Hay un axioma de la teoría de la comunicación humana que puede servir a padres y educadores que se preocupan en “educar bien” a sus hijos en lo que a política respecta. El axioma, muy conocido por cierto, dice que “es imposible no comunicar”. Se dice algo siempre, incluso con el silencio o la indiferencia.
La familia “comunica” una vivencia de lo político, más allá de que hay una suerte de mito, políticamente correcto, que entroniza la asepsia de la educación política como elemento deseable y, sobre todo, posible, a la hora de crear criterio en los hijos. Esta idea suele partir de la premisa de que lo “objetivo” existe en estado puro y no es, como posiblemente lo sea, un anhelo al que quizá se pueda aspirar. Sin embargo, a la realidad la abordamos desde el lugar humano y parcial determinado por la historia y las circunstancias de cada uno.

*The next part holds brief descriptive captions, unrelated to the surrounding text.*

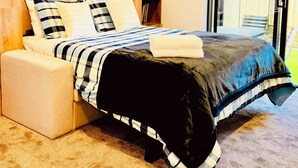 A modern bedroom with a wooden headboard, a bed with striped bedding, and a view of the outside through a glass door. - Heartstay Studio CBD, CHC (Christchurch)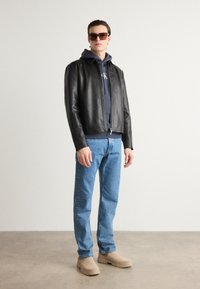 Black leather jacket with a front zipper, gray hoodie featuring a logo, blue jeans, and beige slip-on shoes. Brown sunglasses complete the look.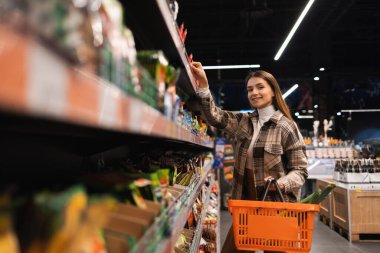 Süpermarkette alışveriş sepeti ile genç kadın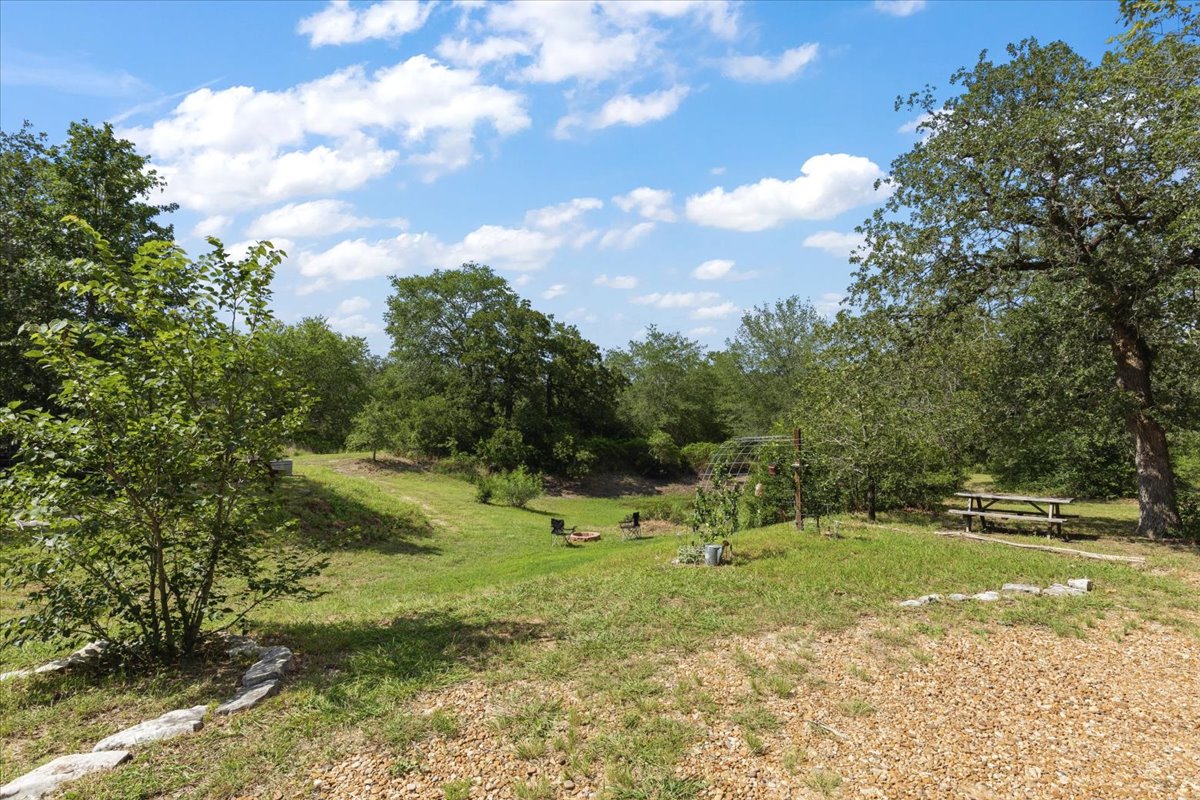 1705 Makinson Road West Point, TX 78963 - Photo 28 of 40 A verdant, open yard with a gravel path leads to a picnic area and lush trees.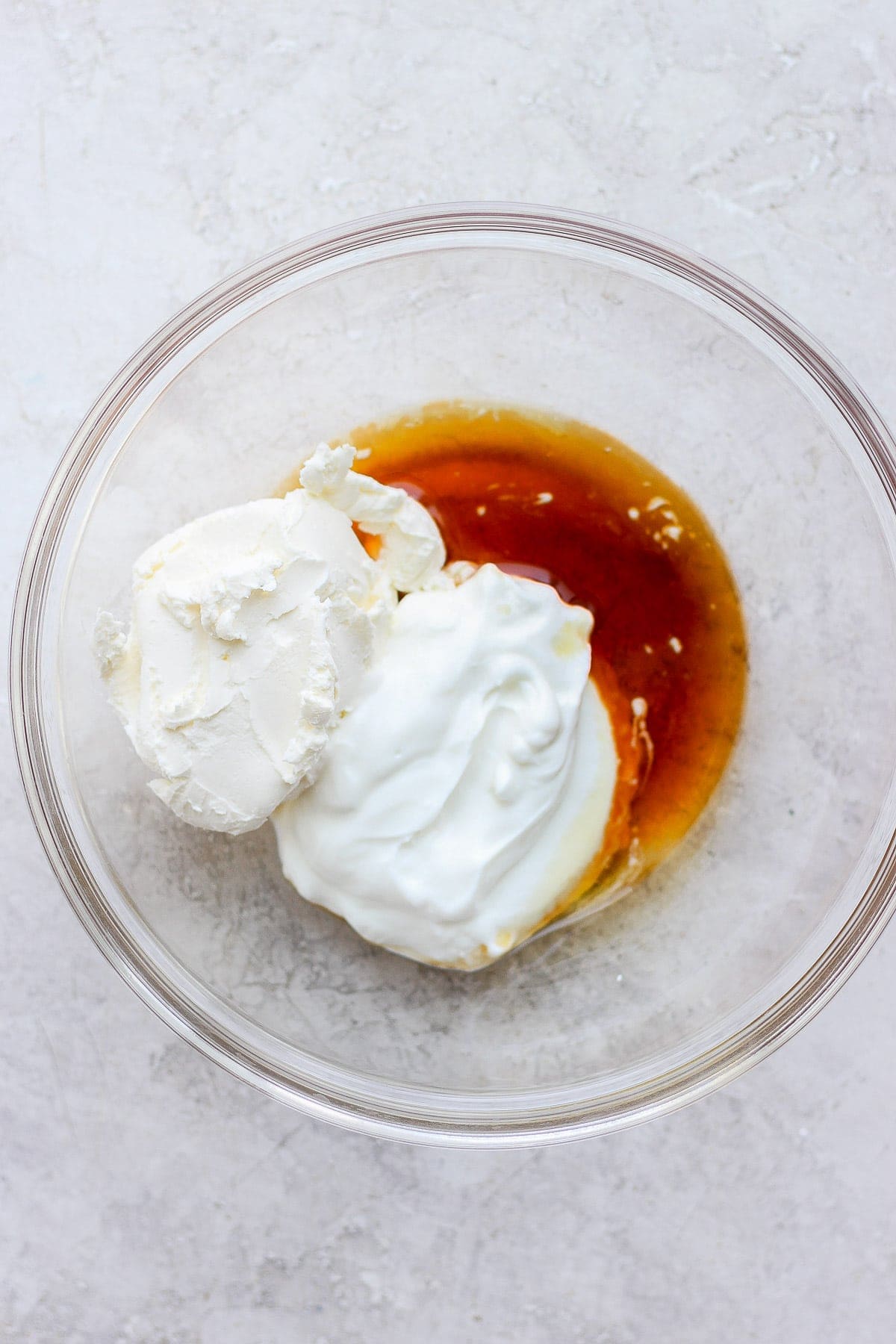 Cream cheese frosting ingredients in a bowl.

Por eso, la mejor educación de los chicos no supone un espacio pulcro exento de pasión y de compromiso con la propia mirada. Digamos, de todos modos, que les brinda oxígeno a los hijos el hecho de que la pasión y el compromiso político del educador deje abierto el horizonte y habilite a que la mirada que se ofrece sea enriquecida por los “otros”, sin “saturar los enlaces” que abren juego al porvenir, permitiendo así lo nuevo y el juego de la curiosidad por lo diferente, que siempre enriquece.
No resulta un problema que se transmitan informaciones y conceptos desde un solo “polo” y de acuerdo con las propias convicciones. Sin embargo, suele ser perturbador que esa educación tienda a eliminar al otro polo sin más trámite, porque así la asfixia psicológica hará lo suyo tanto en lo político como en cualquier otro orden de la vida.
Asimismo, una forma de hacer política tiene que ver con cómo se relacionan las familias y los grupos con el pasado. Es diferente la mirada sobre las cosas cuando ese pasado raptó al presente y obliga a una reiteración asfixiante que cuando, por el contrario, el presente invita a que ese pasado se resignifique y “venga” al hoy para ofrecer lo suyo de manera viva y abierta a lo nuevo.
Esto último es lo que diferencia el educar del adoctrinar machaconamente, usando a los niños como meros instrumentos de un discurso, y no a los discursos como instrumentos de la persona que, por pequeña que sea, no deja de ser sujeto y no objeto de la vida de relación.
Decíamos que los niños “saben no saber”. Podemos decir, también, que saben aprender, si bien lo hacen, a veces, de maneras impensadas y fuera de manual. En el mundo adulto se deberá “aprender a saber”, para enseñar mejor a los chicos. Ese enseñar no llena el cerebro ajeno embutiendo ideas, sino que lo abre a nuevos vínculos con el mundo, ofreciéndole, a la vez, un punto de inicio desde el cual emprender el camino.
En política, como en la vida, las certezas sirven cuando no aspiran a dominar al mundo en el convencimiento de que conocen todos sus designios, y cuando se contentan con ofrecer puntos de referencia y nutrientes para que el otro siga camino hacia donde tenga que ser.
Los chicos suelen agradecer la presencia de esas certezas, maldecir las ausencias disfrazadas de objetividad pasteurizada y entusiasmarse cuando la vida de relación tiene un sentido que los hace sentir vivos. Todo esto evita que se sientan el eco de un relato dentro del cual los roles ya están definidos y el futuro ya escrito.
Por eso para ellos la política, en su más amplio sentido, puede ser aire nuevo o, por el contrario, una letanía aburrida y ajena que convoca cada dos o cuatro años a repetir consignas vacías y entrar en cuartos oscuros y fríos que llevan hacia la nada.